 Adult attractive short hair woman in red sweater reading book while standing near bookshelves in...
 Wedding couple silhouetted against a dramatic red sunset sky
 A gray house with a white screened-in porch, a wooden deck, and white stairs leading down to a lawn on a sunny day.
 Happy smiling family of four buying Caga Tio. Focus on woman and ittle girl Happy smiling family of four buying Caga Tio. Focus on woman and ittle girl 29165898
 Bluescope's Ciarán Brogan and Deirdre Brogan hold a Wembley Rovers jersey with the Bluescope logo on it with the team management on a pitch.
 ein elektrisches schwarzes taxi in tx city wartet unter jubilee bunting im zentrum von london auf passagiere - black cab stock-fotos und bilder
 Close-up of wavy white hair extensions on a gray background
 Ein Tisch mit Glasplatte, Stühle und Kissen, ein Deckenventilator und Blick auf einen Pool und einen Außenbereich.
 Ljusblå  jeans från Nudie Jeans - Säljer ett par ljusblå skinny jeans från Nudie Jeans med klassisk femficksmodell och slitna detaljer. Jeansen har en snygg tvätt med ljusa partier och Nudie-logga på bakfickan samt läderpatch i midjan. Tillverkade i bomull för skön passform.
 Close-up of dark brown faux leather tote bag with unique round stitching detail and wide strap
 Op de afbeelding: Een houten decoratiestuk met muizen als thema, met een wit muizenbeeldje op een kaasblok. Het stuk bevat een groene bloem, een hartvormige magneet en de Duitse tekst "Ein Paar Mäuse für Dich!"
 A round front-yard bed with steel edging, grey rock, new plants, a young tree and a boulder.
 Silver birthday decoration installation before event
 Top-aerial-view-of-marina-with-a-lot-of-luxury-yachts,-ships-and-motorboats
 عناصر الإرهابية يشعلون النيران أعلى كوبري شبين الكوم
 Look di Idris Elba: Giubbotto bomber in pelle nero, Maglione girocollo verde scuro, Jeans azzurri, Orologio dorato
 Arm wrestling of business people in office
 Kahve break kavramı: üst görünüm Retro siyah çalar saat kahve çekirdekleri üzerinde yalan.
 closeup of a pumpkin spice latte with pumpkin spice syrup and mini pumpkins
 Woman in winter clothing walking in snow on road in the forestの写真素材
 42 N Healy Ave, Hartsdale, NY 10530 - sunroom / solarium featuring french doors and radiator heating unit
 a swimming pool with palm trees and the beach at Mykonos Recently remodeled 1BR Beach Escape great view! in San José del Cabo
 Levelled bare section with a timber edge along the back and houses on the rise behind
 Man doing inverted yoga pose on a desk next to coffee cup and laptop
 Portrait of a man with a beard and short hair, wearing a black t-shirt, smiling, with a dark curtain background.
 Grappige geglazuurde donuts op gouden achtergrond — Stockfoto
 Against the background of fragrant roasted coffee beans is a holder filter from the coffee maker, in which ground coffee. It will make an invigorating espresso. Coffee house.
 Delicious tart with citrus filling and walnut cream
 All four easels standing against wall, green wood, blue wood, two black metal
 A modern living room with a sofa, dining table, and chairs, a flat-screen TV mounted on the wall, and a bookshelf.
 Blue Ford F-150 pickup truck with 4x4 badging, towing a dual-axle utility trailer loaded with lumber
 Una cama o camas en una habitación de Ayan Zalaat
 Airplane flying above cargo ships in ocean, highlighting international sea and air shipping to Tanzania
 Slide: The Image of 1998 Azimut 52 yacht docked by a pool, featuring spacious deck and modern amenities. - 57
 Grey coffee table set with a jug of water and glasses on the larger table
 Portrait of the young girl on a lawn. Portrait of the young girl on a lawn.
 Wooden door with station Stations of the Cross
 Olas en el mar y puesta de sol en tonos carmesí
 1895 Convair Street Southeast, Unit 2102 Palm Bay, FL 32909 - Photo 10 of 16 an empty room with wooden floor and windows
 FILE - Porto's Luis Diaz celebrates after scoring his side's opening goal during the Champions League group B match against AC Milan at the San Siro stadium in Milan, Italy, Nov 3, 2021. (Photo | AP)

☆ ☆ ☆ ☆ ☆ ☆ ☆

◆ What the task requires
Print, please, the lines from the first line of the material through the line that contains "Ein Tisch mit", exactly as written and with nothing added.

◆ Expected output
 Adult attractive short hair woman in red sweater reading book while standing near bookshelves in...
 Wedding couple silhouetted against a dramatic red sunset sky
 A gray house with a white screened-in porch, a wooden deck, and white stairs leading down to a lawn on a sunny day.
 Happy smiling family of four buying Caga Tio. Focus on woman and ittle girl Happy smiling family of four buying Caga Tio. Focus on woman and ittle girl 29165898
 Bluescope's Ciarán Brogan and Deirdre Brogan hold a Wembley Rovers jersey with the Bluescope logo on it with the team management on a pitch.
 ein elektrisches schwarzes taxi in tx city wartet unter jubilee bunting im zentrum von london auf passagiere - black cab stock-fotos und bilder
 Close-up of wavy white hair extensions on a gray background
 Ein Tisch mit Glasplatte, Stühle und Kissen, ein Deckenventilator und Blick auf einen Pool und einen Außenbereich.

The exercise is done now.